In: Biology
Delivery systems that are not eliminated by degradation, phagocytosis or glomerular filtration can leave the bloodstream by crossing the endothelium to reach target tissues. This occurs most readily in tissues with discontinuous endothelia, such as in liver tissues and many solid tumours90. Fenestrations in the liver sinusoidal endothelium permit particles of 100–200nm in diameter to exit the bloodstream and gain access to hepatocytes and other liver cells104,105. In some tumours, a combination of highly permeable endothelia and poor lymphatic drainage can lead to increased accumulation of circulating nanoparticles in malignant tissue — an occurrence termed the enhanced permeation and retention effect
WHAT IS THIS MEAN???IN EASIER WAT DETAIL.
When we want to deliver a drug or any other compound into a diseased system, for e.g. in cancer, we are concerned about whether the delivery medium, containing the molecule, would be trashed by the body's own filtering system, like glomerular filtration (a process by which our kidney filters out foriegn and toxic particles), phagocytosis (cellular engulfing of foreign particles and subsequent degradation) or other kinds of degradative cycles working within the body. Delivery systems which can avoid being eliminated/destroyed by these mechanisms, can penetrate through the enothelial lining of blood vessels and lymphatic vessels running through-out our body and enter the target tissue.
Liver is an organ where this mechanism frequently occurs. There are large gaps ('fenestrations') in the endothelial lining of the blood capillaries in liver ( the sinusoids), through which particles of 100–200nm in diameter can pass from the bloodstream into the cells of the liver tissue.

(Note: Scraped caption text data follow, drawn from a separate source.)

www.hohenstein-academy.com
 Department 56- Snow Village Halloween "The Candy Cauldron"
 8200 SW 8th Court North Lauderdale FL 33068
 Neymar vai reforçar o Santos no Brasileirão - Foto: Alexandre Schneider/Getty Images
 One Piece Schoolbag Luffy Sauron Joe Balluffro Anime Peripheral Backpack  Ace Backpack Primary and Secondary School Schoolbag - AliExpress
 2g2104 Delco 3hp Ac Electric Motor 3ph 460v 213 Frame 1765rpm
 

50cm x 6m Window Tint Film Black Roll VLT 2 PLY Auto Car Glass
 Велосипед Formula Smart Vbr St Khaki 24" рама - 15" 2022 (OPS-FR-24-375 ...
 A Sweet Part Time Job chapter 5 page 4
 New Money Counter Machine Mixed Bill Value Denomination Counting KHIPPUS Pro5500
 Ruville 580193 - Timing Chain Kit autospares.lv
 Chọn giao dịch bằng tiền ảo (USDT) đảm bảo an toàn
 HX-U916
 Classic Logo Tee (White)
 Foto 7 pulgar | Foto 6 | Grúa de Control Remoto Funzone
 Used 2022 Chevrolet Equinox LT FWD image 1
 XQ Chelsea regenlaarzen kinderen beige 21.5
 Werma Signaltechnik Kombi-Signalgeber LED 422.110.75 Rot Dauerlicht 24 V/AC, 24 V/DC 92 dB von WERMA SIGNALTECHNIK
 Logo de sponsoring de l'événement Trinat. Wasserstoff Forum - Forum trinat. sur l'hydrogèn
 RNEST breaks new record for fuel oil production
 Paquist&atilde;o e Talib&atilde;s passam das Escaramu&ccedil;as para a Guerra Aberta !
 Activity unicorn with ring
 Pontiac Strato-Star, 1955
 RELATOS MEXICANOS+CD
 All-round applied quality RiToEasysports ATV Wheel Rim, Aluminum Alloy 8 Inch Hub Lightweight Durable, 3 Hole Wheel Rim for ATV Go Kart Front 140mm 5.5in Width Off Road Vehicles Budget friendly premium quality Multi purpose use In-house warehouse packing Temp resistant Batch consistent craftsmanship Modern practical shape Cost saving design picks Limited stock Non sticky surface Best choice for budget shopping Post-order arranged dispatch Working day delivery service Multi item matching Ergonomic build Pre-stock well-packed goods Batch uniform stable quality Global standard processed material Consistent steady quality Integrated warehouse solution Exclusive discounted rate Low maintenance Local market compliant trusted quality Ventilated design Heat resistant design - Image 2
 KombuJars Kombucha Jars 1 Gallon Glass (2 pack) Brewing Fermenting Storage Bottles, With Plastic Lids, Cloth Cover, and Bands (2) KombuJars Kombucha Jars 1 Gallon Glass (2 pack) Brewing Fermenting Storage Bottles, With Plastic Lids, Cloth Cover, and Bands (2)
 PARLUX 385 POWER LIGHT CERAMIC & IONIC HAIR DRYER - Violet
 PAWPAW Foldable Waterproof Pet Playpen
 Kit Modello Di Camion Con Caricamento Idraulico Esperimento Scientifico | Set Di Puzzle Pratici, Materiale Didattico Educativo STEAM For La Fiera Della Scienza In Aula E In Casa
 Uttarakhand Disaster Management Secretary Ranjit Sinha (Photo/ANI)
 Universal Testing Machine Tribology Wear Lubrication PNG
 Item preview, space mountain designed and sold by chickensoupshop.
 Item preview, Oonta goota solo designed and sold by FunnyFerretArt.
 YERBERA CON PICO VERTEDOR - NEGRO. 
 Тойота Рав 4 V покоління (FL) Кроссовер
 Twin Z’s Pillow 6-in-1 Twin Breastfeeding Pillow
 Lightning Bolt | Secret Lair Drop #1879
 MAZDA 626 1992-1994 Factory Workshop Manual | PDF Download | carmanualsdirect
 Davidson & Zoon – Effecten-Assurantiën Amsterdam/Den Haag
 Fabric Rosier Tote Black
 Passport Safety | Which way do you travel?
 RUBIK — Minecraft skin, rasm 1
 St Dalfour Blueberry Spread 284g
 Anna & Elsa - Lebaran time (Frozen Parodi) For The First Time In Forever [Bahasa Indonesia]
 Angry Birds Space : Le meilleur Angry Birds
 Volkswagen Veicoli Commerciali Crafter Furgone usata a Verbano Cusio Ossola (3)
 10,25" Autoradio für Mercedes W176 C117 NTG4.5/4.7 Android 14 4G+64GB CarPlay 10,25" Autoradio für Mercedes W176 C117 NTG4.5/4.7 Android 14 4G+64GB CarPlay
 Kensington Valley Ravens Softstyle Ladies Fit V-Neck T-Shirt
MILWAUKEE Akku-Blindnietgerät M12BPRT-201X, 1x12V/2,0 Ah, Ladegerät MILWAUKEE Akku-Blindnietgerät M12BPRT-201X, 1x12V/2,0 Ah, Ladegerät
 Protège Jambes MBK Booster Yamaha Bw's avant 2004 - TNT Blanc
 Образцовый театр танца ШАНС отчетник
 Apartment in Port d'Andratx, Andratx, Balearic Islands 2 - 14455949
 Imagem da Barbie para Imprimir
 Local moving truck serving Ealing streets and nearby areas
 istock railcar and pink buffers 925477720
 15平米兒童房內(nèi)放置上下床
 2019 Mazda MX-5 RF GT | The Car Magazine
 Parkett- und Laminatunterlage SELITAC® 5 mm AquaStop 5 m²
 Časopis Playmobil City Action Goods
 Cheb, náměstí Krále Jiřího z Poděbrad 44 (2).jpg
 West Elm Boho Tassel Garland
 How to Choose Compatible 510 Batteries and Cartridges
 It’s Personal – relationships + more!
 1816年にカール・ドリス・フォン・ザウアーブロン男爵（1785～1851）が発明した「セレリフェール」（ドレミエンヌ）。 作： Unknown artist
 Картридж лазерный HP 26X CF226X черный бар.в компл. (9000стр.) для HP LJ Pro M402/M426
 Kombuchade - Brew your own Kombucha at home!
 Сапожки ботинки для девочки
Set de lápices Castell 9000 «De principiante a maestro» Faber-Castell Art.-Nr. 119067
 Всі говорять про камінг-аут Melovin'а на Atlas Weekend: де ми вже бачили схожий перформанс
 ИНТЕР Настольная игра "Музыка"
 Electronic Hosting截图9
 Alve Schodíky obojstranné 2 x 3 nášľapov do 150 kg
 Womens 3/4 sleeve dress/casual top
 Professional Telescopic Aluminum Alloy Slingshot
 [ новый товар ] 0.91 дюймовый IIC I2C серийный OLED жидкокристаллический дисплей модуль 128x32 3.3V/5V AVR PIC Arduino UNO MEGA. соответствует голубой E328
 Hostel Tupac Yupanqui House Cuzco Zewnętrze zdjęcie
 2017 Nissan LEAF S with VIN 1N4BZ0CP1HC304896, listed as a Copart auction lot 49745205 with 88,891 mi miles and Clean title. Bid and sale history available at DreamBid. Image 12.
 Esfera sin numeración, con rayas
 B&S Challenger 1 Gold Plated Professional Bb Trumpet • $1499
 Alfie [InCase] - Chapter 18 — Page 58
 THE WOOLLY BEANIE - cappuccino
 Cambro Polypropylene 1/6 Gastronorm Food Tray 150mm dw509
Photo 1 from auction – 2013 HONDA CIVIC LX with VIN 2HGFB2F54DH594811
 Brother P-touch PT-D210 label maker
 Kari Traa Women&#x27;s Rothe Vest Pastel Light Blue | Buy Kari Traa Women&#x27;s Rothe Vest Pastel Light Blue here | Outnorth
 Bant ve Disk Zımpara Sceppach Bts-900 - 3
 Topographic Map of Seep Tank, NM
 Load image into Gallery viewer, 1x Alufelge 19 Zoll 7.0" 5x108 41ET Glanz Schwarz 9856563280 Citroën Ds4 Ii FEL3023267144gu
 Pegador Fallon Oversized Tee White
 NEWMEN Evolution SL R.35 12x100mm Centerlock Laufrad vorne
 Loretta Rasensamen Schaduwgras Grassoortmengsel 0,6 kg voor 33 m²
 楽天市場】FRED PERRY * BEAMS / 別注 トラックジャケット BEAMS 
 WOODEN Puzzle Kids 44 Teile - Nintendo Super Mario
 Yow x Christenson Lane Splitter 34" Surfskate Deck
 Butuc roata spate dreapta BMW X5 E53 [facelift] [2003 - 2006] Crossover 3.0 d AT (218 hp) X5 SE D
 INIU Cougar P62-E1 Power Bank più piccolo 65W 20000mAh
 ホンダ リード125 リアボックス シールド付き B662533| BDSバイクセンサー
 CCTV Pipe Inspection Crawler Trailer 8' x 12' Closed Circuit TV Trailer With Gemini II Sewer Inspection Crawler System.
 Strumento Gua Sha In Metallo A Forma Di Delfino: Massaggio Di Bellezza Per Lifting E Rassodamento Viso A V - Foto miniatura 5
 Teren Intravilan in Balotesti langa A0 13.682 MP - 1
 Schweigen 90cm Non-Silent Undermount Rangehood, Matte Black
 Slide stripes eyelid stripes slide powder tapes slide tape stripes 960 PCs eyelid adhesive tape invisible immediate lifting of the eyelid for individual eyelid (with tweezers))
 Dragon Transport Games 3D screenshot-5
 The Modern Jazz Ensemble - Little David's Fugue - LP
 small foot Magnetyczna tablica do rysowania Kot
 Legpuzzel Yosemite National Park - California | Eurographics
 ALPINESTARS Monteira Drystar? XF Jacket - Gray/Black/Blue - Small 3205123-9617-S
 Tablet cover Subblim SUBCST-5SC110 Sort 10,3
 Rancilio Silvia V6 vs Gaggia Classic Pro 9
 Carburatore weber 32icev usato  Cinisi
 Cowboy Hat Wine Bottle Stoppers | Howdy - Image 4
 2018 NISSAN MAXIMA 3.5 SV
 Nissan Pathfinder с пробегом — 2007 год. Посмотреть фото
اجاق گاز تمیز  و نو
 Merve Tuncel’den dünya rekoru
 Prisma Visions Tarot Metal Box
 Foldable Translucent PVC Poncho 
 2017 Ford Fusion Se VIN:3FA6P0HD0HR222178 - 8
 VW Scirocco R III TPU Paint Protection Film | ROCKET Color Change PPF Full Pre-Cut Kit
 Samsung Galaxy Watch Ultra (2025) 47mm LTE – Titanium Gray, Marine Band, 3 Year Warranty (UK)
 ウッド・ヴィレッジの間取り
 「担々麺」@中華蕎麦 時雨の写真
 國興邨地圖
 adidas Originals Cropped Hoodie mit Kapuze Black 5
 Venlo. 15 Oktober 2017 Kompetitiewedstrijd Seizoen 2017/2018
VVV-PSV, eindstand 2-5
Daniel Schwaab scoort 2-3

In cancer systems, the endothelial lining of blood vessels is highly compromised and becomes permeable. This is intended for the circulating cancer/tumor cells in the blood to move to distant organs and then leave the blood vessel in order to get settled within a growing tumor mass. Disrupted flow and accumulation of lymphatic fluid which courses through the body is also a feature of cancer. However, delivery systems can utilise these conditions, in order to leave the circulation and sneak out through the leaky endothelial linings, to enter the target cancerous tissue. A congested lymphatic fluid hold-up, along with such gaps in the fence (the endothelial lining), allows the nanoparticles to 'cross over the border' and accumulate within the cancerous/malignant tissue. This is called enhanced permeation and retention effect.